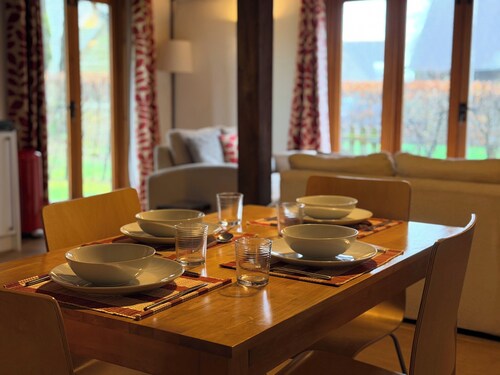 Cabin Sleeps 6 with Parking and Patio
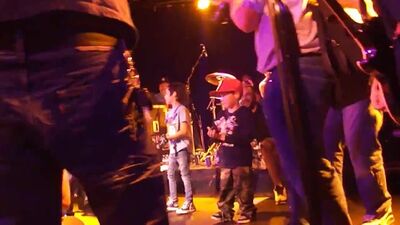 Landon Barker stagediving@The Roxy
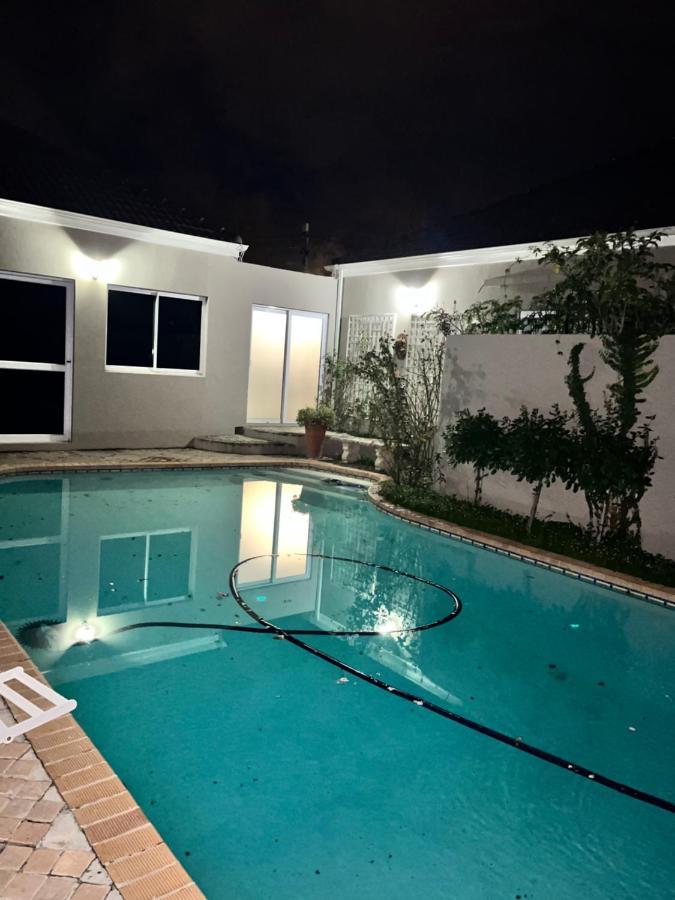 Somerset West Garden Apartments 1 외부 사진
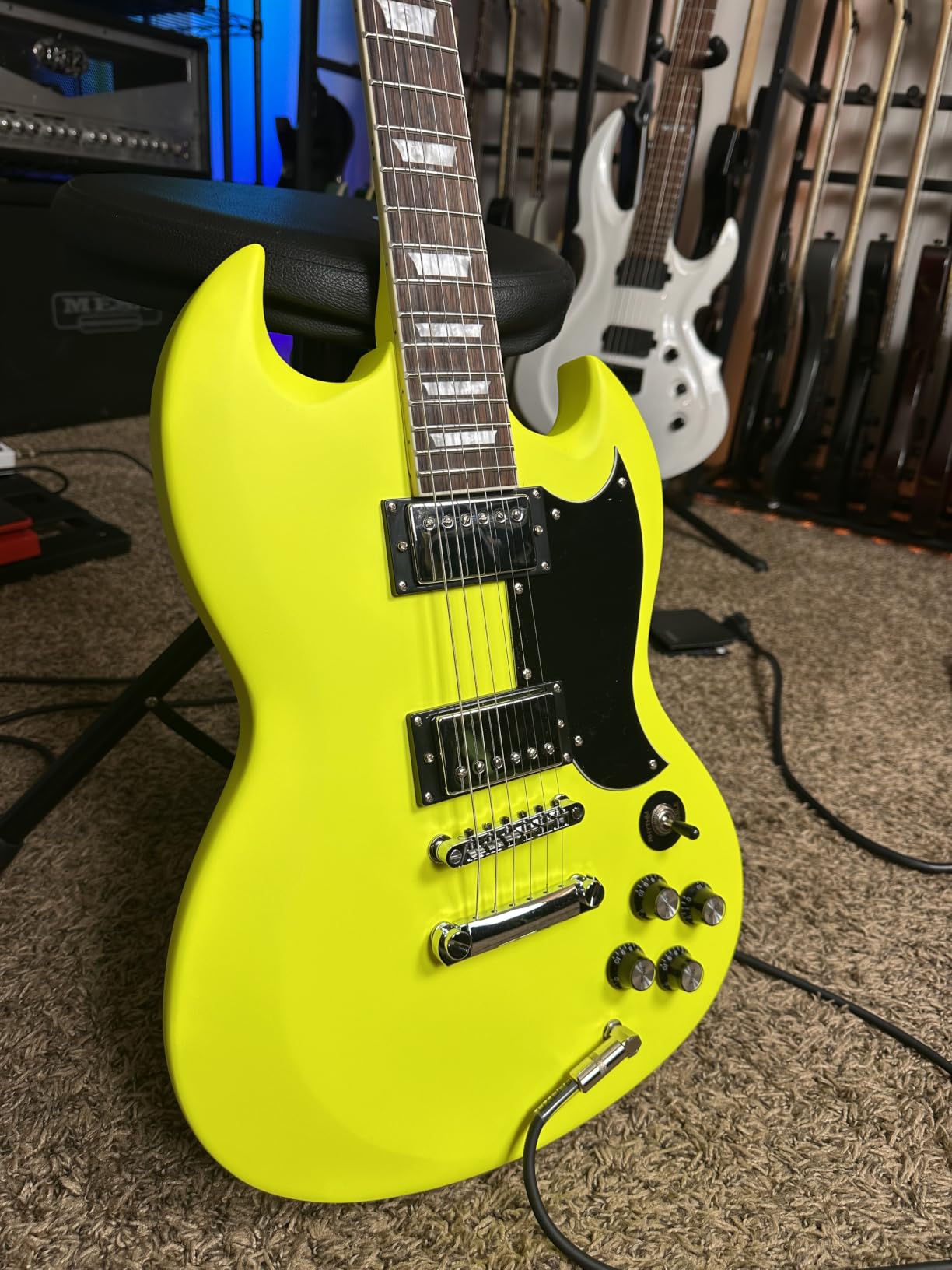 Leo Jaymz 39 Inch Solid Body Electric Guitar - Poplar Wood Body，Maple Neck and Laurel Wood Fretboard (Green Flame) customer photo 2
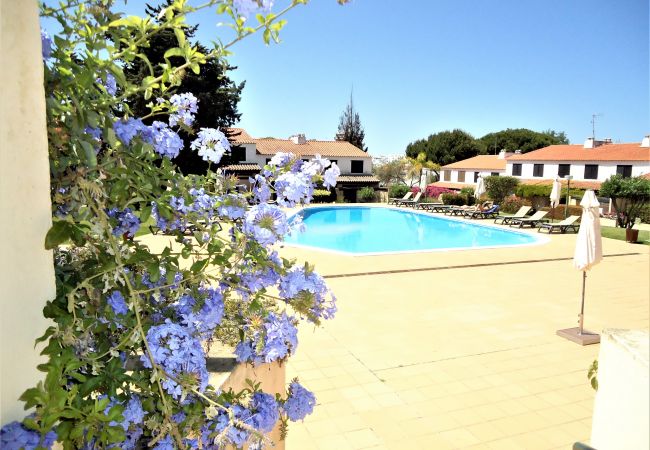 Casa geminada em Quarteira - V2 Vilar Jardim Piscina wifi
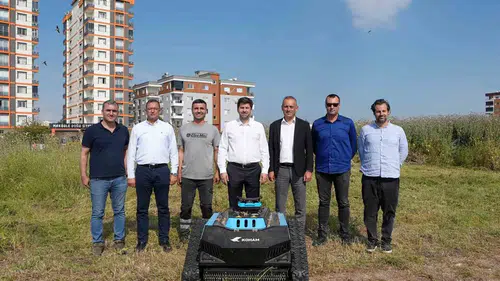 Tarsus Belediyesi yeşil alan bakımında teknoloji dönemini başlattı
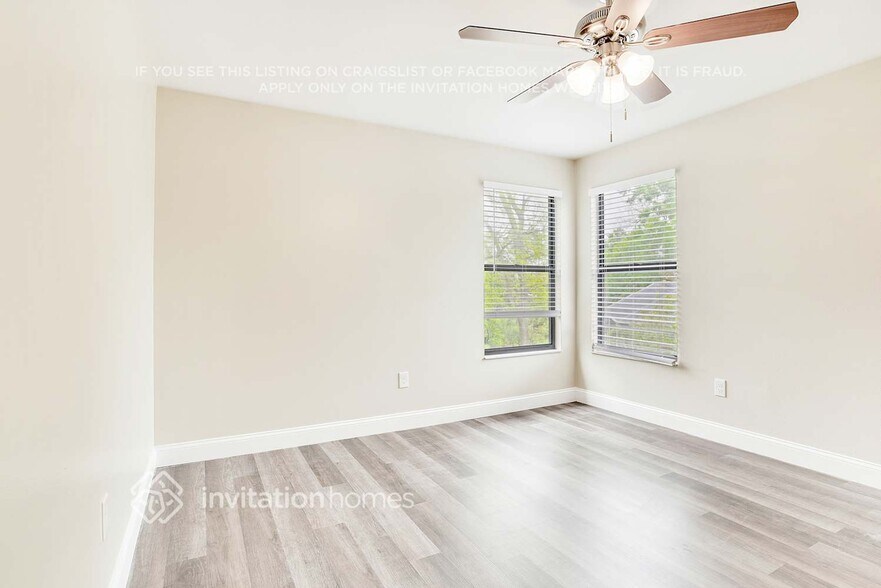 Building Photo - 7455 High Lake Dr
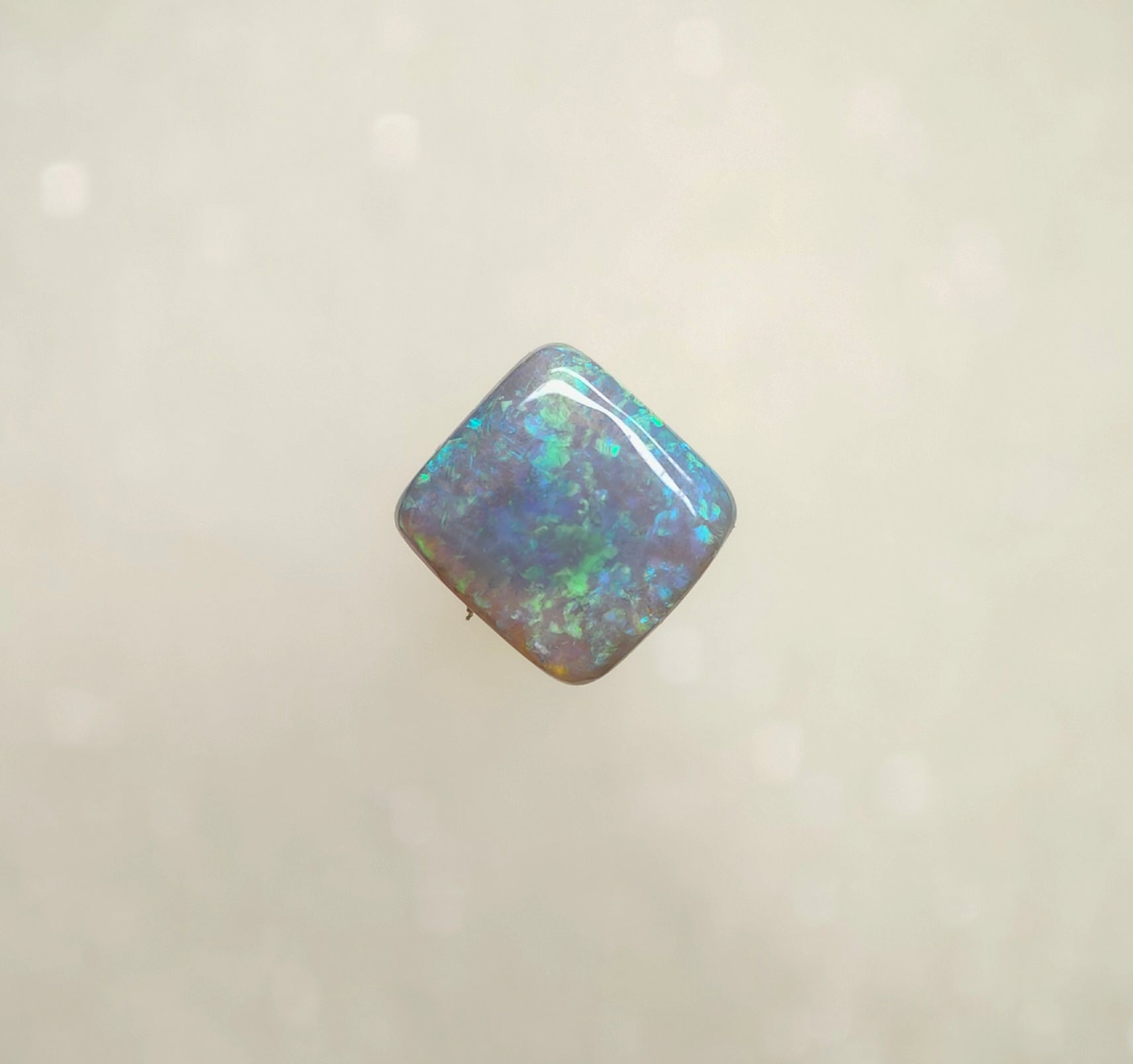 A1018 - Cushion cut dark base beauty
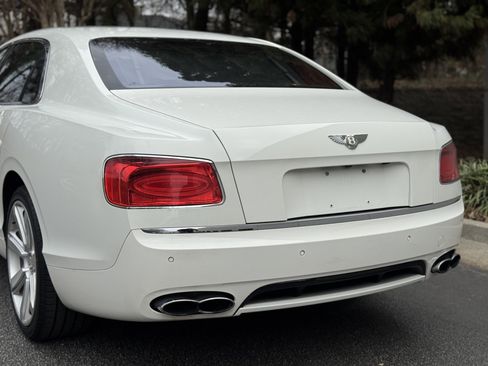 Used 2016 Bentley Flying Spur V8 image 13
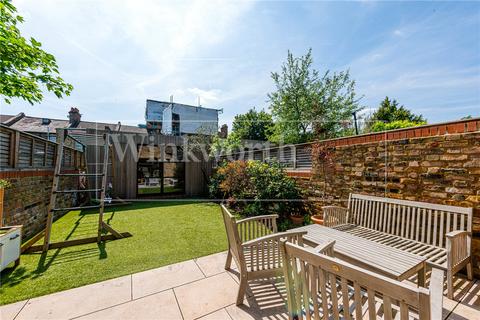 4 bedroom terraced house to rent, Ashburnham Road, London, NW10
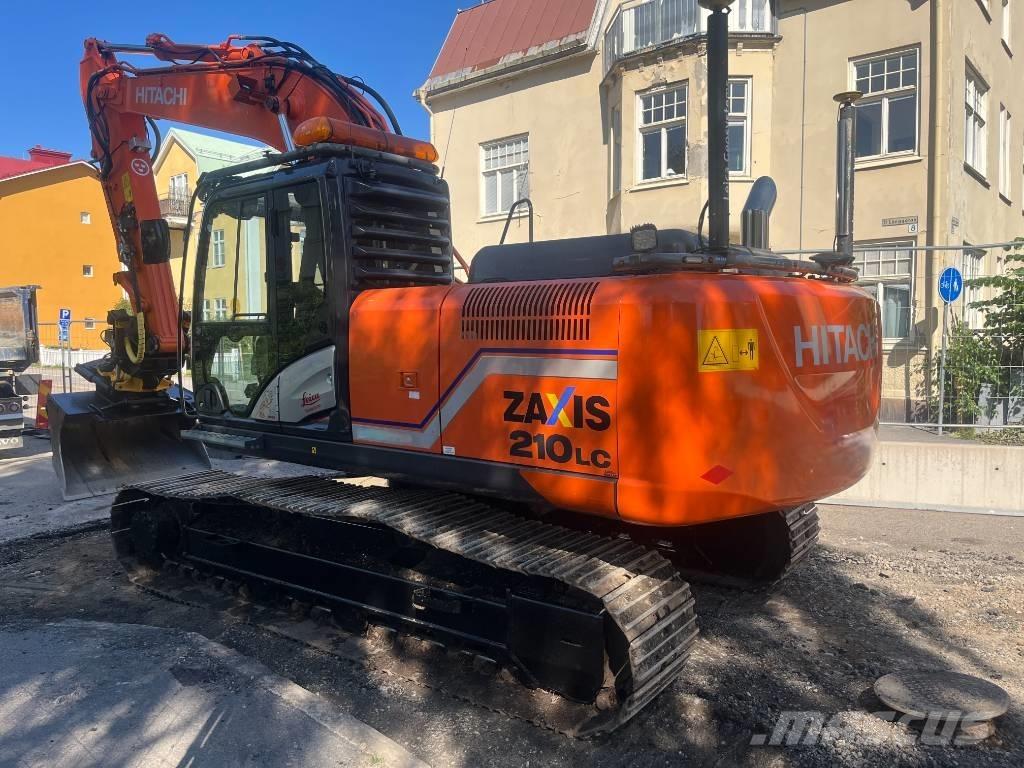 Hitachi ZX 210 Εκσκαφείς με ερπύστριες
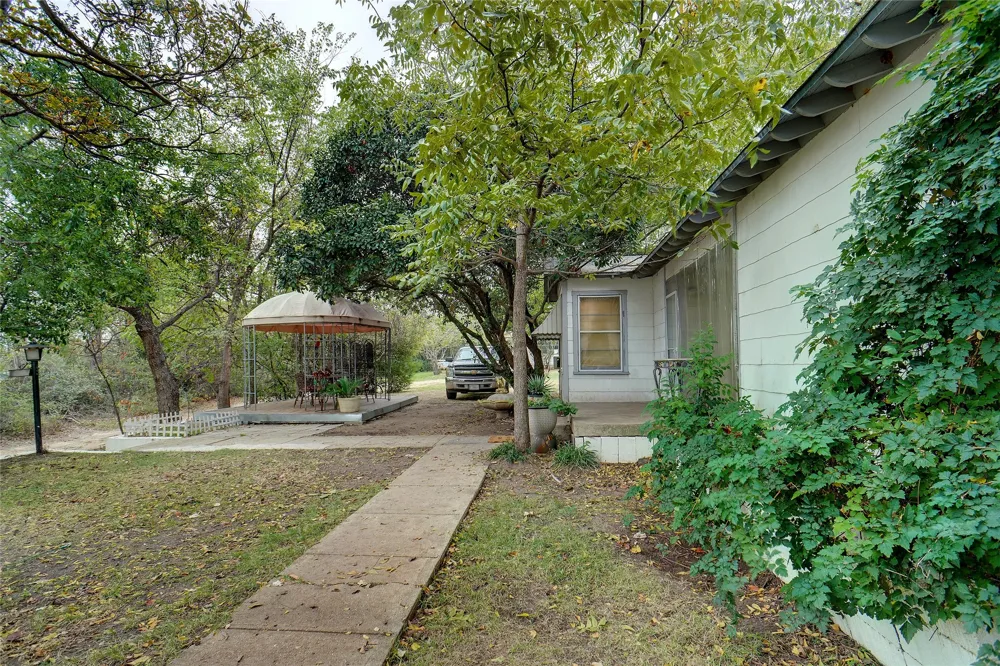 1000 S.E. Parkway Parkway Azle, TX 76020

◆ How to complete this task: Retype the lines from the one containing "Tarsus Belediyesi yeşil" down to the last line of the records, both included, exactly and nothing more. Pictures stay out.

◆ Expected answer:
 Tarsus Belediyesi yeşil alan bakımında teknoloji dönemini başlattı
 Building Photo - 7455 High Lake Dr
 A1018 - Cushion cut dark base beauty
 Used 2016 Bentley Flying Spur V8 image 13
 4 bedroom terraced house to rent, Ashburnham Road, London, NW10
 Hitachi ZX 210 Εκσκαφείς με ερπύστριες
 1000 S.E. Parkway Parkway Azle, TX 76020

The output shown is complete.